Mit »Café Society« nun gelingt Woody Allen ein weiteres Mal eine überraschende Wendung: Er versorgt ein Festival, das wegen vieler schlechter Weltnachrichten und der anhaltenden Terrorgefahr in diesem Jahr unter besonderer Anspannung steht, mit einer dringend benötigten Dosis an Gelassenheit und Leichtigkeit. In »Café Society« wirft Allen einen nostalgischen Blick zurück auf die zwei amerikanischen »Kulturhauptstädte« der 30er Jahre, auf New York und Hollywood. Jesse Eisenberg (»Social Network«) spielt den jüngsten Sproß einer jüdischen Familie, der sein heimisches New York aufgeben will, um es unter den Fittichen seines in Los Angeles lebenden Onkels (Steve Carrell), einem erfolgreichen Hollywood-Agenten zu etwas zu bringen. Statt Karriere zu machen verliebt er sich in die von Kristen Stewart gespielte Sekretärin des Onkels, nicht wissend, dass die beiden eine heimliche Affäre miteinander haben.
Woody Allen-Fans werden in »Café Society« viele vertraute Allen-Momente wiederfinden: da gibt es die ironische Wendung von so manchem Schicksal, die Frage nach Verbrechen und Strafe und natürlich die unergründlichen Irrungen und Wirrungen der Herzen. Begleitet vom Allen'schen Humor, etwa wenn er als Off-Erzähler an einer Stelle die Lebensweisheit zitiert, man solle jeden Tag so leben, als wäre es der letzte – und eines Tages behielte man damit schließlich recht. Der Film, der seine Handlung nach der Hälfte von Hollywood nach New York verlagert, um in einen kaum ausgeführten Verbrechensplot, einer Coming-of-Age-Story und allgemeiner Desillusionierung zu enden, plätschert munter dahin. Seine vermeintliche Leichtgewichtigkeit, die an keinen tiefen Erkenntnissen interessiert scheint, bietet dafür den Schauspielern großartige Entfaltungsmöglichkeiten. Sei es Jesse Eisenberg, Kristen Stewart, Steve Carrell oder Parker Posey – sie agieren mit einer Lässigkeit und Spielfreude, die an sich schon Sehvergnügen bereitet. Die Kameraarbeit von Vittorio Storaro, von flüssiger Eleganz und zugleich moderner Schärfe, sie in ein Licht, in dem sich Lässigkeit mit einem Hauch von Sentimentalität mischt. Das Publikum in Cannes nahm den Film mit warmem und sichtlich dankbarem Applaus auf.

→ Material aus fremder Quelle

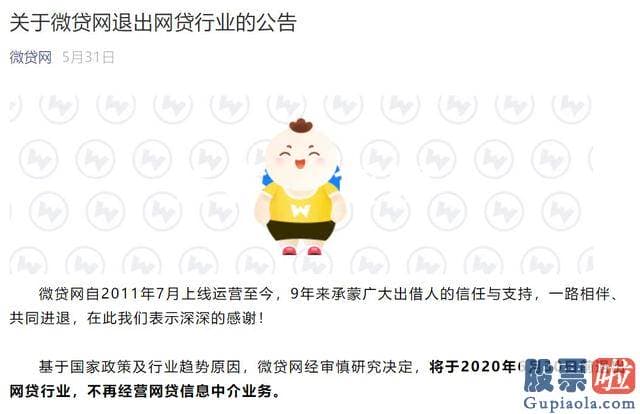 美股 最具投资价值-又见爆雷！杭州第一大P2P遭立案 借贷3000亿 股价狂跌90%！有A股踩雷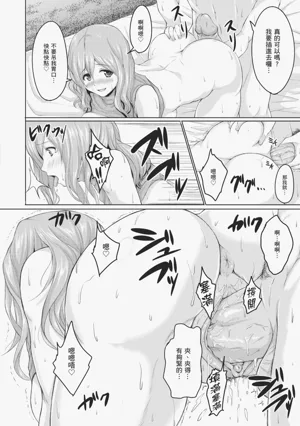 第186頁圖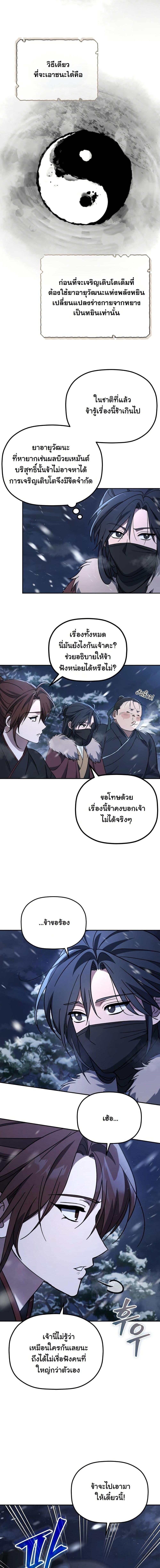 Manga-lc-com อ่านมังงะ อ่านการ์ตูน ออนไลน์ ฟรี The Youngest Son of the Eunhae Merchant Group ตอนที่ 1 2 3 4 5 6 7 8 9 10 11 12 13 14 ฟรี ไม่มีโฆษณา Manga-lc - อ่าน มังงะ อ่าน การ์ตูน ออนไลน์ อ่านมังงะ ฟรี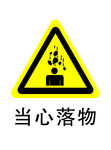 标识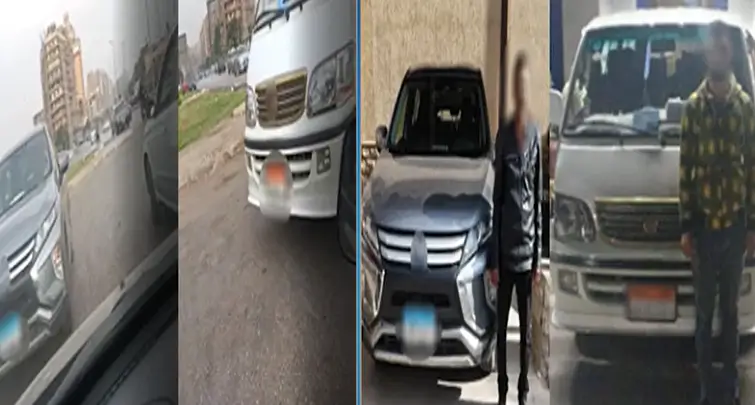 السير عكس الاتجاه بسيارة ملاكي وميكروباص بعد تحديد وضبط القائدين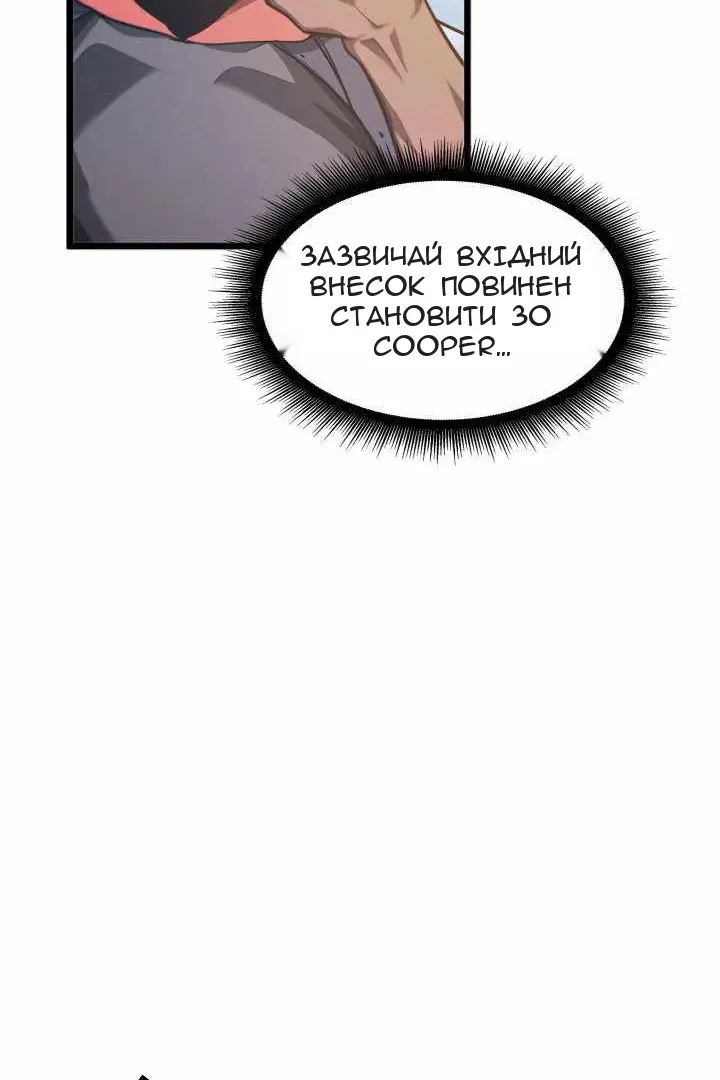 Сторінка 54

Während Woody Allen also ein weiteres Mal beweist, wie unbekümmert es sich noch mit 80 Jahren Filme machen lässt, präsentiert sich das 69. Filmfestival von Cannes nicht nur aufgrund der erhöhten Sicherheitsstufe als wenig entspannt. Die Frage, was eine Veranstaltung, die all ihre Traditionen samt Rotem Teppich und Premierenfeiern in analogen Zeiten ausprägte, in digitalen Zeiten noch bedeutet, stellt sich jedes Jahr deutlicher. Auch in dieser Hinsicht setzte Woody Allen ein Zeichen. Sein Film wird von dem »neuen Player« am Markt, Amazon vertrieben. In Zeiten, in denen Filme wie die von Woody Allen mit ihrem mittelgroßen Budget und ihrer Ausrichtung auf ein ein erwachsenes Publikum von Hollywood zugunsten von Superhelden- und Event-Filmen aufgegeben hat, muss sich Cannes als Festival neu positionieren. Als Werbesprungbrett und Premierenbasis für Filme »abseits von Hollywood« könnte Cannes in Zukunft eine privilegierte Rolle zukommen.